Components Of A Trading Plan – A

This is the first in a series on trading plans. In this article, I shall be looking at the elements of a discretionary plan. But before I do that, let’s look at the different types of traders and plans:

  • Subjective: There is no plan as such. The traders use kinesthetic information to enter and exit trades. Subjective traders trade solely (or mainly) by intuition. Successful subjective traders with whom I am acquainted are ex-floor traders (locals). Most locals have had a difficult time making the transition to the screen. Perhaps the scalping screen traders will replace the locals – we’ll see.
  • Mechanical: On the other side of the spectrum lies the Mechanical Trader. The Mechanical Trader has a set of rules to which he always adheres. “See a signal, take a trade” is his mantra.

  • Discretionary: Between the two is the Discretionary Trader. The Discretionary Trader has a set of rules but reserves the right not to follow them. In this way, he makes room for his intuition. Newbies need to understand that intuition is the result of experience and is not to be confused with ‘into-wishing’. ‘Intuition’ in this context is the subconscious recognition of patterns. For the subconscious to amass the patterns, we must first have had the experience of consciously identifying them. Newbies are unlikely to have this experience and more often than not, call label ‘into-wishing’, intuition.

Discretionary plans have either a fundamental or a technical base or have a combination of the two. The better discretionary plan reflects some fundamental idea of the nature of markets. For example, Buffett believes that companies have an intrinsic value and that this value is assessable. The Market Profile believes that the nature of markets is fractal and is best observed via the bell curve with present tense information.

The better technical analysis based plans have certain, specific components:

  • Identification of a Trend of a Timeframe
  • Low Risk Entry


Setup, Entry and Initial Stop (or initial exit strategy)

  • Trade Management

I am heavily influenced by Pete Steidlmayer’s approach to the markets. Pete used to say that ‘traders succeed, not because of their tools but in spite of them’. I believe that his words are particularly applicable in this area of trend definition of a timeframe.

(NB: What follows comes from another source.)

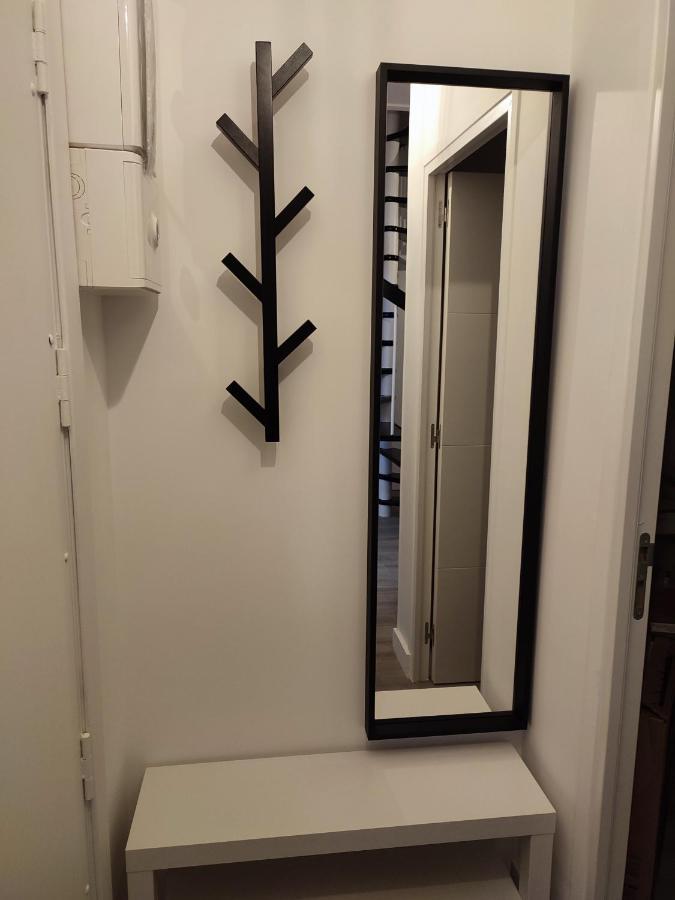 La Vie En Blanc Et Noir Maisons-Laffitte Appartement Buitenkant foto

Most traditional trend definition tools rely on some form of moving average. The tools are great if a market is trending but do a poor job when the market is in a transitional phase. The reason is as a rule markets move from Bull to Sideway to Bear or Bear to Sideways to Bull. Moving Averages do a poor job in sideways markets.

Is there an alternative to moving averages?

I thought so: swing charts. But the traditional swing charts were almost as unsatisfactory as moving averages so I developed my own: a swing chart that had a time component (unlike percentage charts that only have a price component) and a price component (unlike Gann Swing Charts that have only a price component). I called the swing chart Barros Swings.

My book the Nature of Trends (available from Amazon) describes how the swings are drawn. I use on Daily Bars:

  • A 5-period swing to define a weekly trend (5-d)
  • An 18-period swing to define the monthly trend (18-d).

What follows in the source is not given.